(Stored items)
[Start of Attachment]

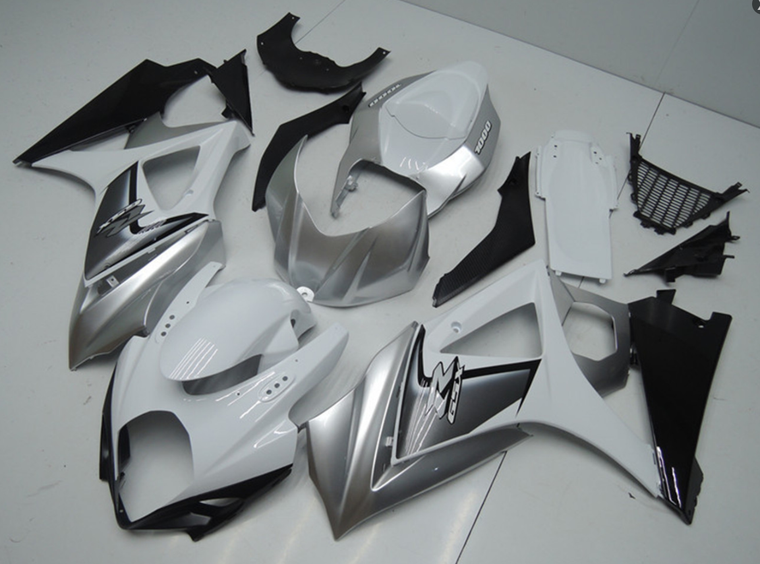 NT Fairing Fit for Suzuki 2007-2008 GSXR 1000 N003- White Silver Black | ABS Injection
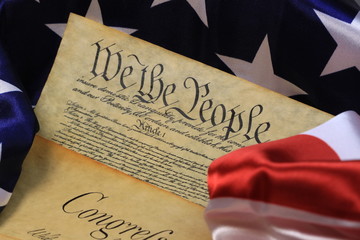 Historical Document US Constitution with America Flag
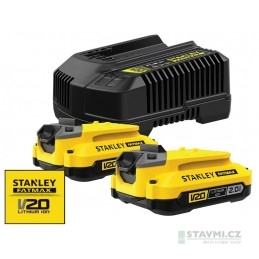 Stanley 2 x 2.0Ah Startovací sada (baterie, nabíječka) V20 SFMCB12D2-QW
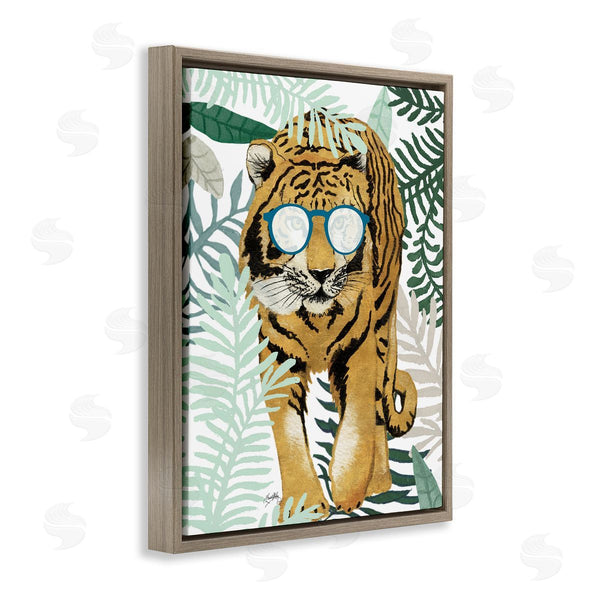 Stupell Industries Elizabeth Medley | Funny Tiger Wearing Glasses Green Fern Leaf Plants Wall Art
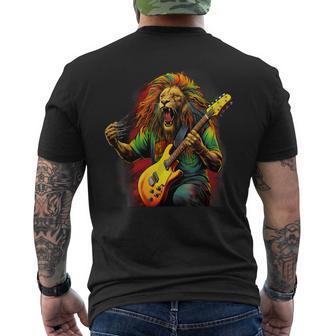 Rasta Reggae Lion Jamaican Roots Lion Of Judah Reggae Music Men's T-shirt Back Print - Thegiftio UK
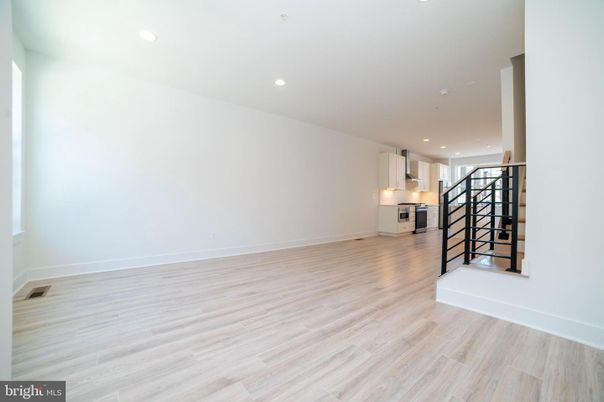 Empty room, Interior, Kitchen, Recessed Lighting, Wood Texture Flooring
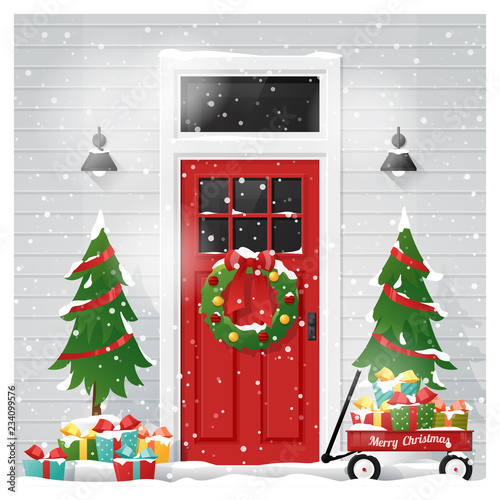 Merry Christmas and Happy New Year background with decorated Christmas front door , vector , illustration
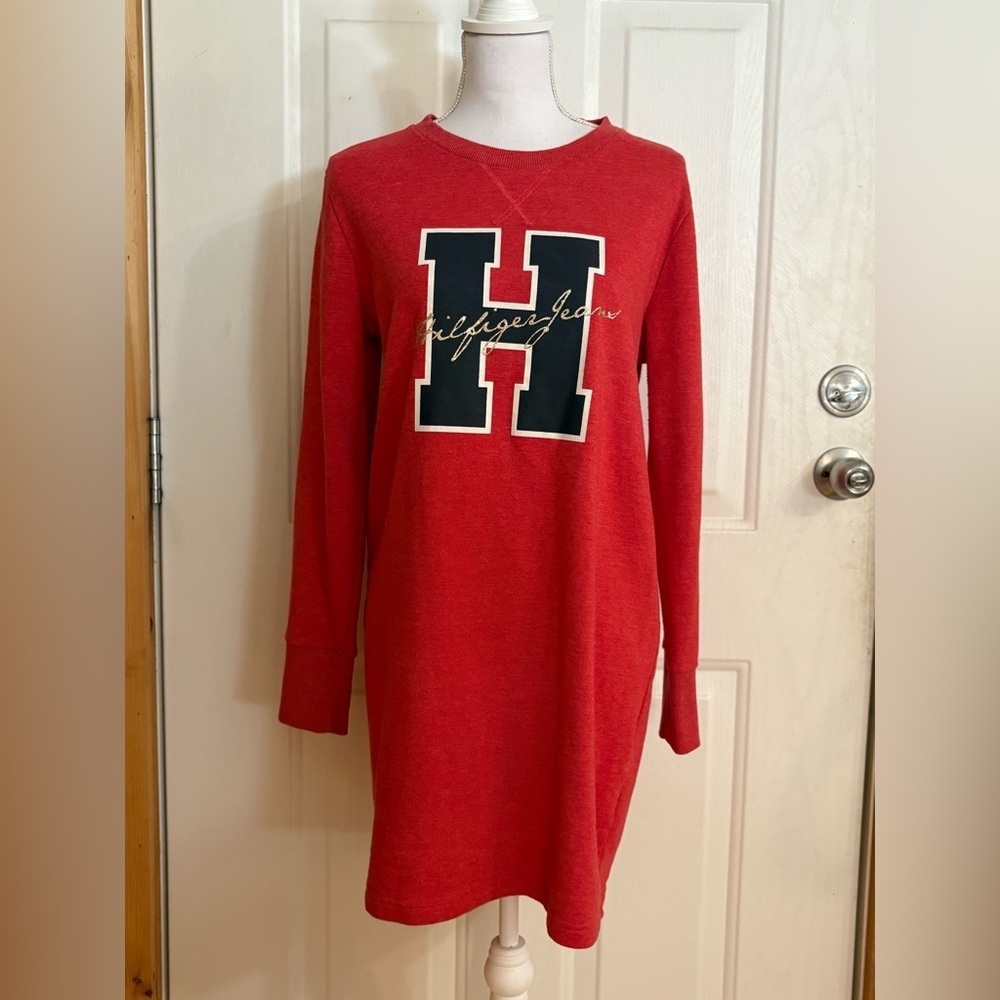 Tommy Hilfiger Sweatshirt Dress Large Center Logo Red Women's Medium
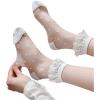 imageVerdusa Womens Fishnet Floral Lace Transparent SocksWhite Polka Dots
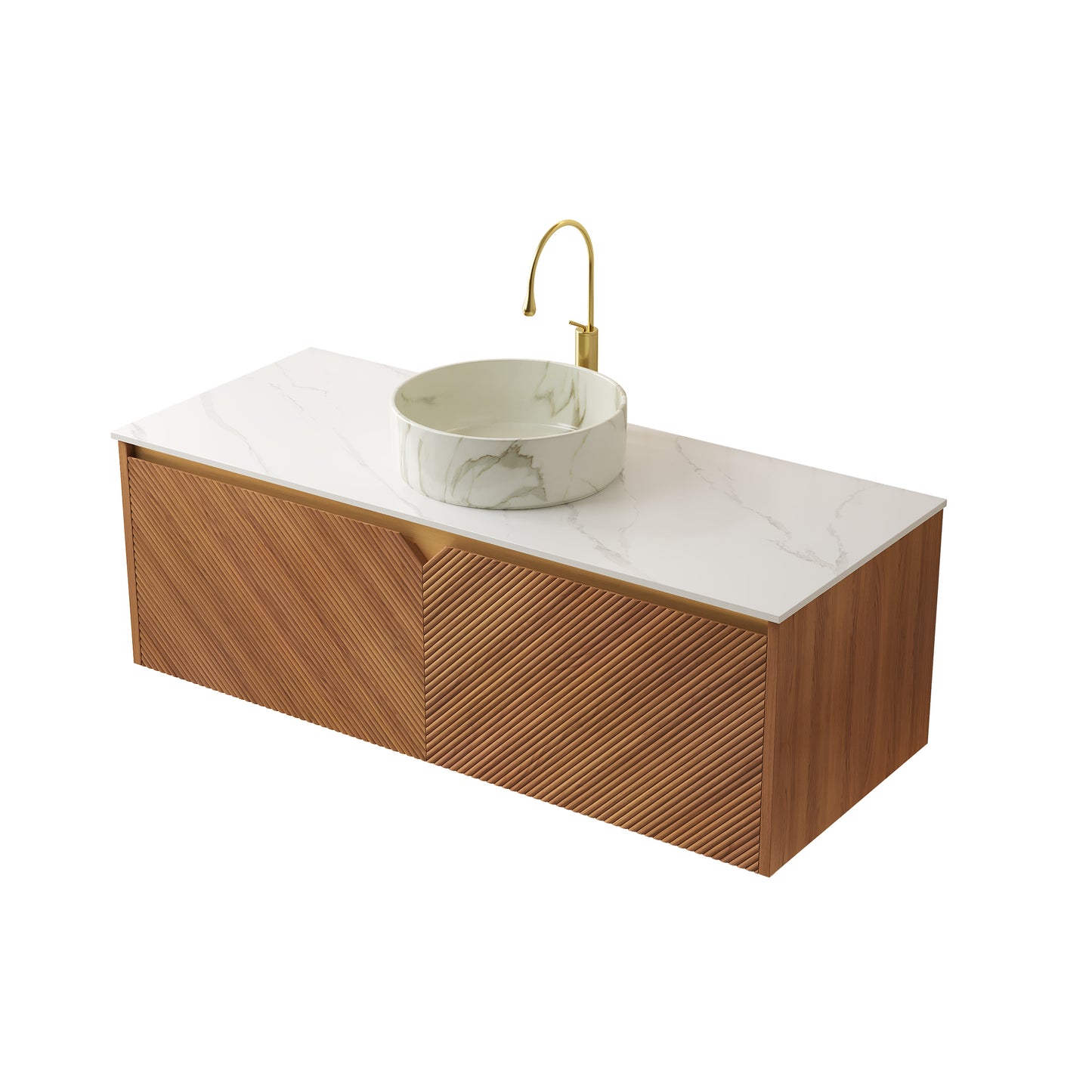 RUBEN 48" Bathroom Vanity&Sink, Floating Plywood Storage Cabinet,  Stone Pattern White Round Ceramic Vessel Basin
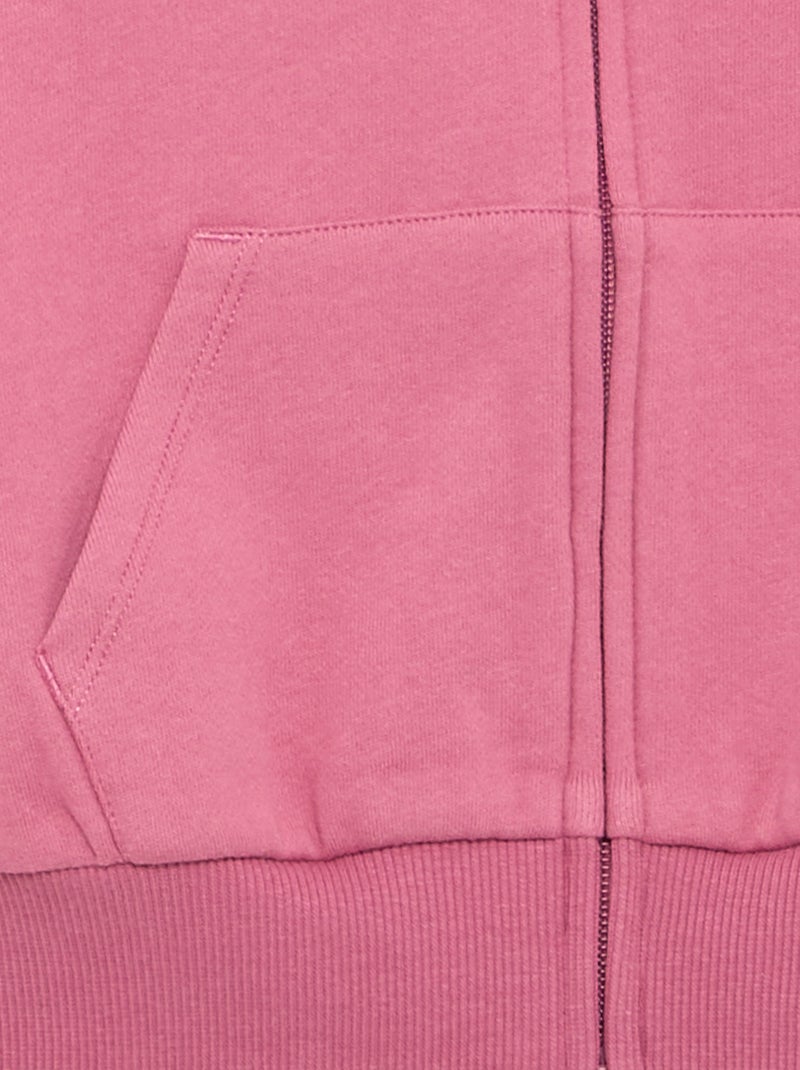 Sweat zippé à capuche Rose - Kiabi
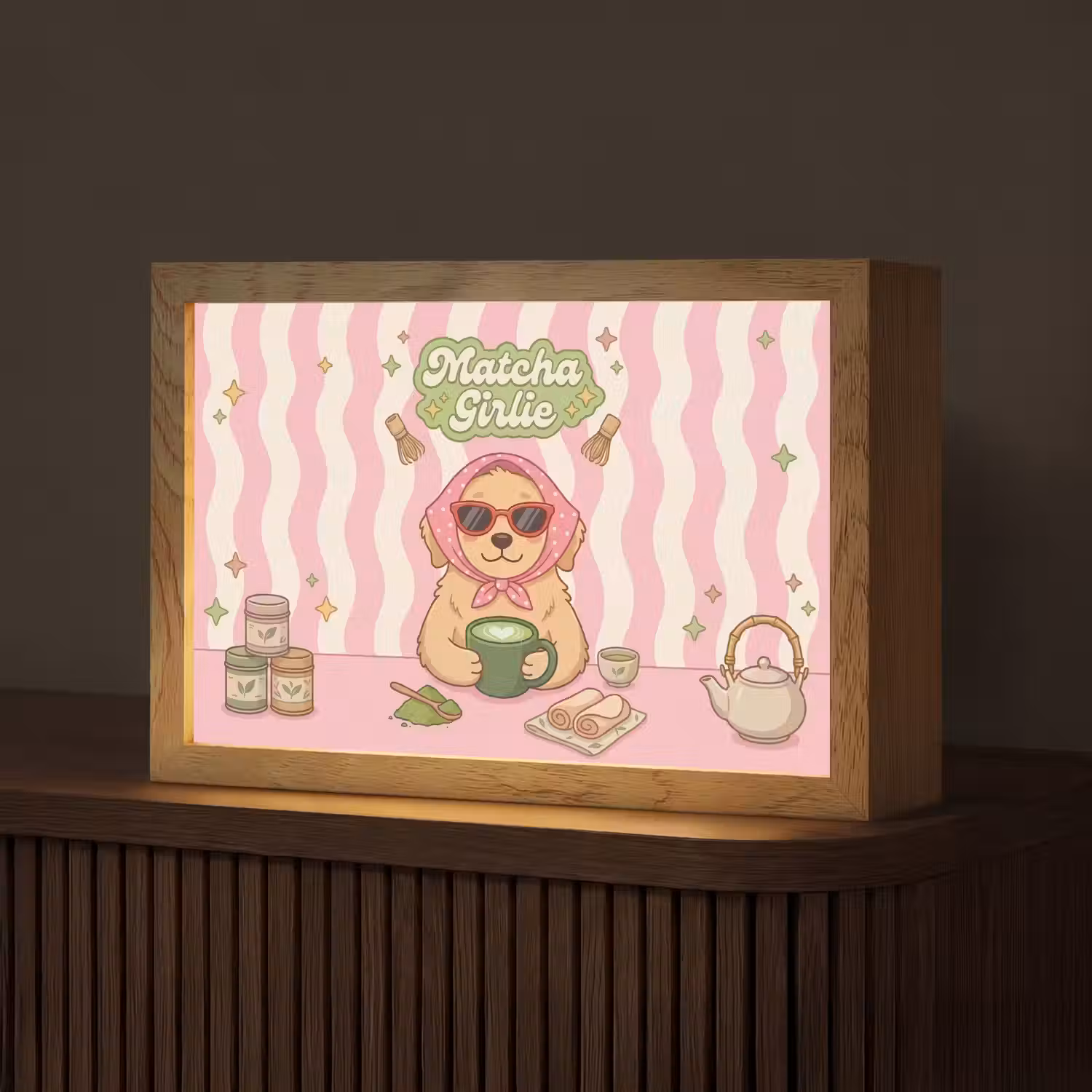 Matcha - Hond - Roze - Groen Light Box met kabel (Tafellamp) klein -z3d_website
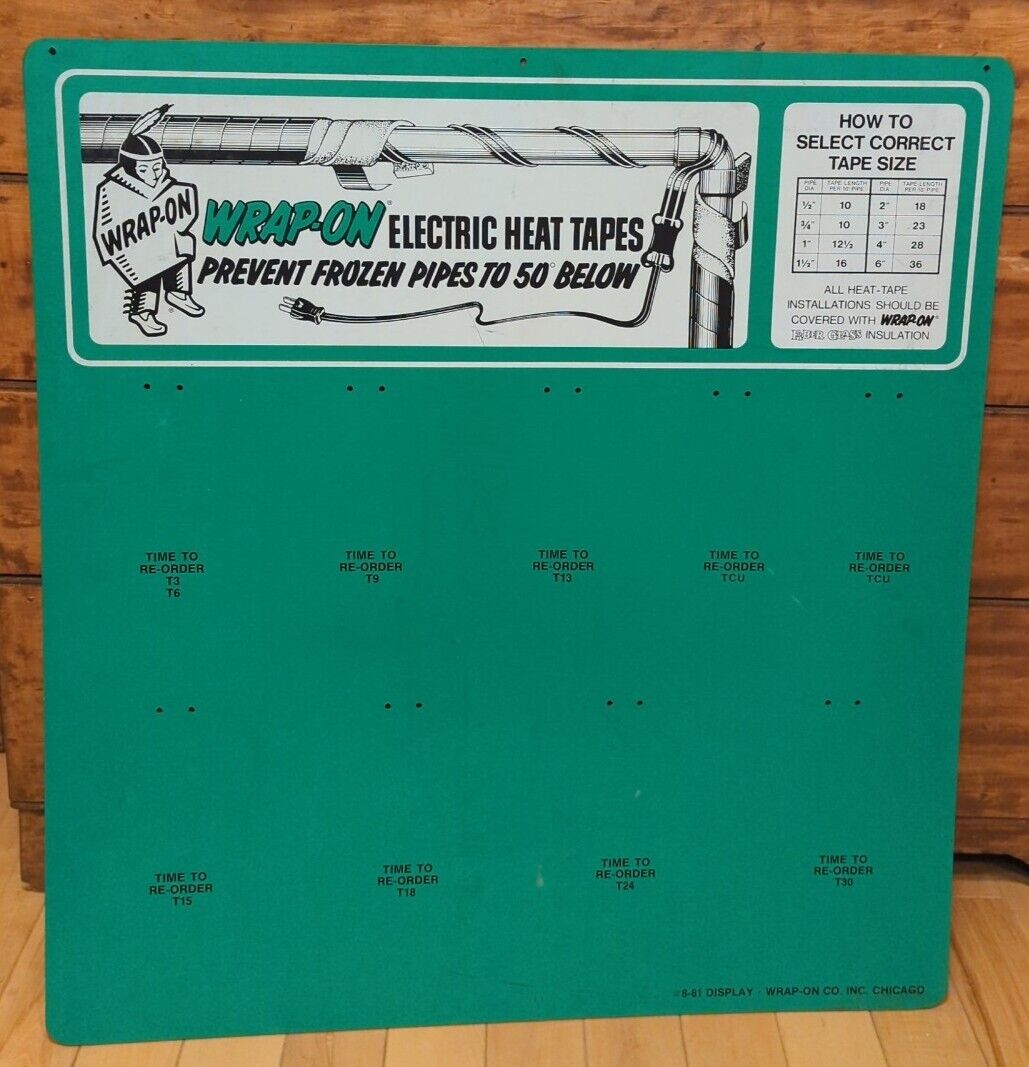 Rare WRAP-ON Electric Heat Tapes Indian Display Advertising Wall Hanging Board 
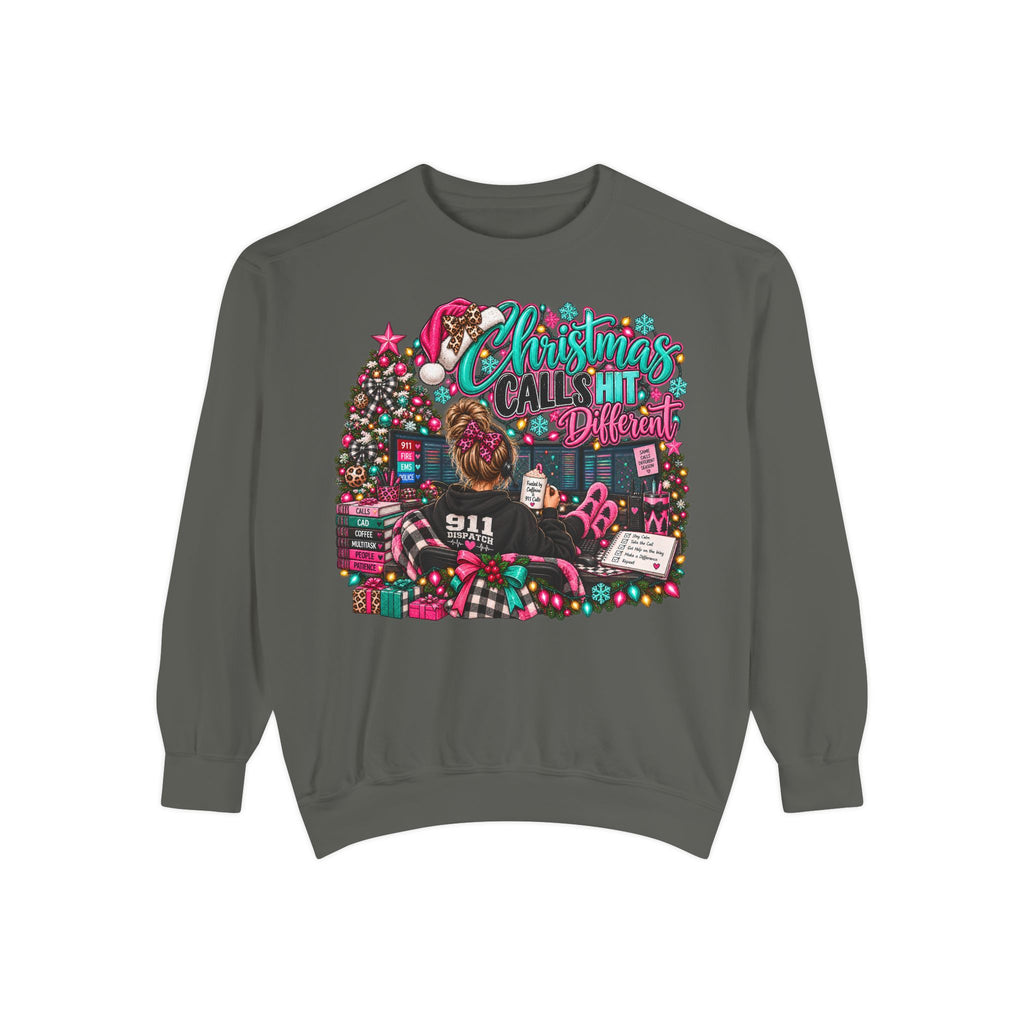 Christmas Calls Hit Different | 911 Dispatcher Comfort Colors® Crewneck Sweatshirt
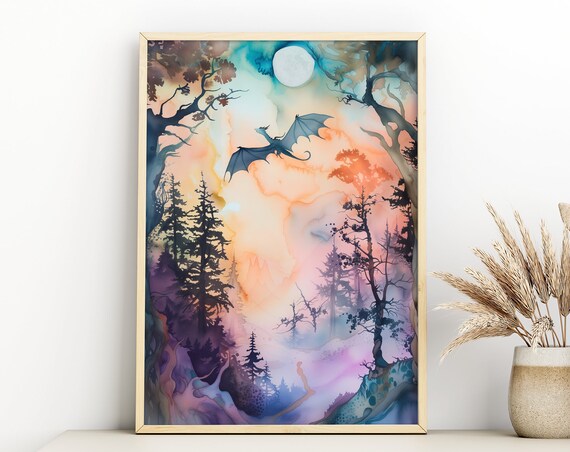 Dragon Flying Over Moonlit Forest Watercolor Pastel Fantasy Nursery Wall Art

[End of Attachment]

* The problem *
Would you repeat exactly, and only, the lines from the start of the records above through the line containing "Ceramic Vessel Basin", with the pictures omitted?

* Response box *
 NT Fairing Fit for Suzuki 2007-2008 GSXR 1000 N003- White Silver Black | ABS Injection
 Historical Document US Constitution with America Flag
 Stanley 2 x 2.0Ah Startovací sada (baterie, nabíječka) V20 SFMCB12D2-QW
 Stupell Industries Elizabeth Medley | Funny Tiger Wearing Glasses Green Fern Leaf Plants Wall Art
 Rasta Reggae Lion Jamaican Roots Lion Of Judah Reggae Music Men's T-shirt Back Print - Thegiftio UK
 Empty room, Interior, Kitchen, Recessed Lighting, Wood Texture Flooring
 Merry Christmas and Happy New Year background with decorated Christmas front door , vector , illustration
 Tommy Hilfiger Sweatshirt Dress Large Center Logo Red Women's Medium
 imageVerdusa Womens Fishnet Floral Lace Transparent SocksWhite Polka Dots
 RUBEN 48" Bathroom Vanity&Sink, Floating Plywood Storage Cabinet,  Stone Pattern White Round Ceramic Vessel Basin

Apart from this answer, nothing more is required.